Ties with Canada may grow
Ottawa and Havana have plenty of room for growth in the areas of bilateral trade and cooperation, their top diplomats agreed on Saturday, according to state media. Foreign Minister Bruno Rodriguez and Canadian Minister of Foreign Affairs John Baird “reviewed the state of bilateral ties and reaffirmed the desire to maintain and expand ties in trade, investment and tourism,” the official state news broadcaster said. It said Rodriguez thanked Baird “for Canada’s support in Cuba’s fight against the blockade [embargo] imposed by the United States,” which has been in effect since 1962. Baird arrived in Havana on Friday from Mexico on a regional tour that also will also take him to Venezuela, Peru, Panama and the Dominican Republic.
Life terms in rights case
Seven retired military officers were sentenced to life in prison for rights abuses committed during the 1976 to 1983 military dictatorship, officials said on Saturday. The seven were found guilty of kidnapping, torture and homicide in the case of 69 people who were held at navy bases in the city of Mar del Plata, 400km south of Buenos Aires. The case was brought by relatives of victims and rights groups, including the Grandmothers of the Plaza de Mayo. Sixteen people were originally indicted, but two died before the trial could end and a third was absolved for health reasons, the Center of Judicial Information, an office attached to the Supreme Court, said in a statement. About 30,000 people were kidnapped, tortured and killed in what became known as the nation’s “dirty war,” according to rights groups. A blanket pardon for crimes committed during the dictatorship was overturned in 2003, paving the way for scores of lawsuits.

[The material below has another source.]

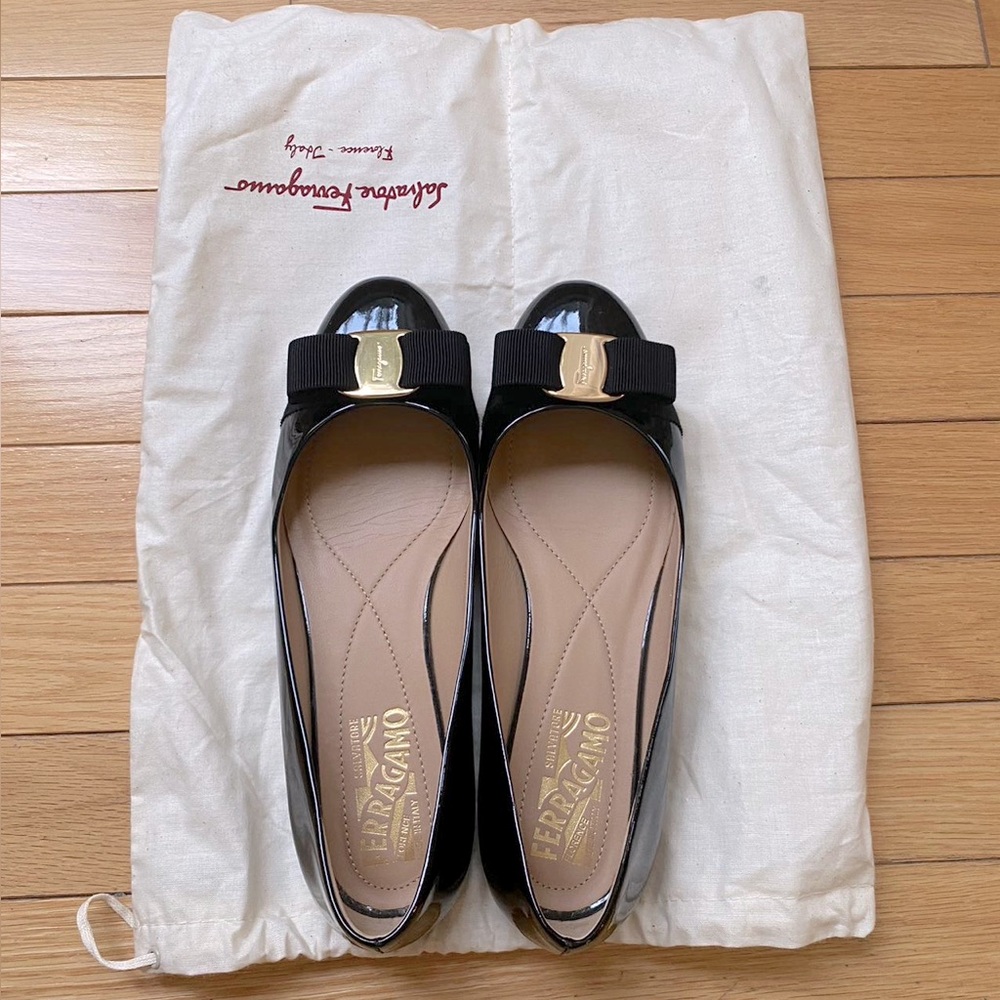 Like new Ferragamo Salvatore Black Patent Leather Vara Bow Ballet Flats - Picture 5 of 7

Man held over cruise death
A California man has been arrested in southwest Florida on an outstanding murder warrant in the death of his ex-wife, who went overboard from an Italian cruise ship seven years ago. Lonnie Kocontes, 55, was taken into custody on Friday night by federal marshals and booked into the Pasco County Jail, where he was being held without bail, authorities said. He was charged with one count of special circumstances murder for financial gain, Orange County District Attorney’s office spokeswoman Farrah Emami said. Kocontes’ ex-wife, Micki Kanesaki, plunged into the Mediterranean on May 26, 2006, off the Island Escape, which was sailing between Sicily and Naples, according to the FBI. Her body washed ashore the next day in Calabria, Italy. Kanesaki, 52, was sharing a cabin with Kocontes, her ex-husband.
Conviction thrown out
An Alabama appeals court has thrown out the conviction and death sentence of a Vietnamese immigrant tried for killing four children in 2008 by throwing them off a coastal bridge. The Alabama Court of Criminal Appeals ruled on Friday that the trial of Lam Luong should have been moved outside of Mobile County because “publicity surrounding the murders completely saturated” the community. Web site Al.com reported that judges have sent the murder case back to Mobile County Circuit Court. Prosecutors say Luong killed the four children — whose ages ranged from three years to four months — by throwing them off the Dauphin Island bridge one-by-one and into the Mississippi Sound more than 24m below. Three were his children and the fourth was his wife’s from a previous relationship.